On Wed, 27 Feb 2002 14:13:00 -0500, no_spam_for_me_at_thankyou.very_much wrote:

>Obnoxio The Clown wrote:
>
>> On Wed, 27 Feb 2002 11:16:15 -0500, no_spam_for_me_at_thankyou.very_much
>> wrote:
>
>> Use approach 2.
>
>I would love to. In fact we did use approach_2 for a a long time and
>unfortunately it proved impractical. Yes approach_2 has all the benifits I
>described plus as you correctly pointed out it's easier to report on. The
>problem is that in our case is 2-fold:
>
>1) the attribute keys change frequently and on the fly (ie when the
>application is running) so "alter table drop/add column" is not practical
>when the table is large.
>
>2) There are many many attrubutes (~ 500) and only 3 or 4 at most are set
>for any given object. The application is structured in such a way that when
>an object does not have an attribute set it gets a default value associated
>with that attribute key. So from the perspective of the application all
>objects have all fields specified but the database only stores separate rows
>for those object that have value different from default. If you structure
>the schema with approach_2 your usage of space increases by a factor of
>about 100 consumed for storage of NULLs or defaulft values.
>
>Even though the object model of my particular situation is too long and
>boring to go into I will give the following example: Imagine you have a
>database of resdidents in a particular town and you have attributes like
>phone number, address etc. But you also have attribtutes like place of birth
>which by nature of the data is the same for 99% of the residents of the town
>(eg the town itself)and is different for the 1% who moved in from elsewhere.
>Now imagine you have 500 attibutes with this quality 99% of objects have the
>same value and 1% has a different value. If you use the trivial solution (as
>I described in approach_2) your database is going to be 100 bigger than it
>needs to be. It becomes a case of denormalization in a way. Imagine also
>that attributes are constantly added and deleted as the application is
>running. When you think about this example you will see that approach_1
>makes a lot more sense except for the fact that searching it requires lots
>of self-joins (or correlated subqueries). If it was not for searching
>approach_1 below would be a far superior solution. Now my question is: Is
>there any datastructure that has the fliexibility and "normalization" of
>approach_1 and the ease of search of approach_2. I do not mean ease in a
>sense that the query has to be trivial but in a sense that it would be fast.
>Combining SQL with application logic is also fair game as long as it
>achieves the results.

Hey! This is a forum for discussion of a relational database. What you're describing sounds like something else, and denormalisation is the closest I come to swearing.

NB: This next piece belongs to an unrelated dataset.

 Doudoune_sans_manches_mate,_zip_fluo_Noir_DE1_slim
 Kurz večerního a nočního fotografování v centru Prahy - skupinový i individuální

OK, I'll try something else (9.x only): why don't you build a row that has a structure for all the stuff that *is* "unique" or relatively so, and has a set component at the end, with pairs of values that indicate which field(s) differ and the associated value.

Unfortunately, I'm a bit busy at the moment, I just dipped in here for some light relief, but if you have 9.x get the manuals out and look into collections....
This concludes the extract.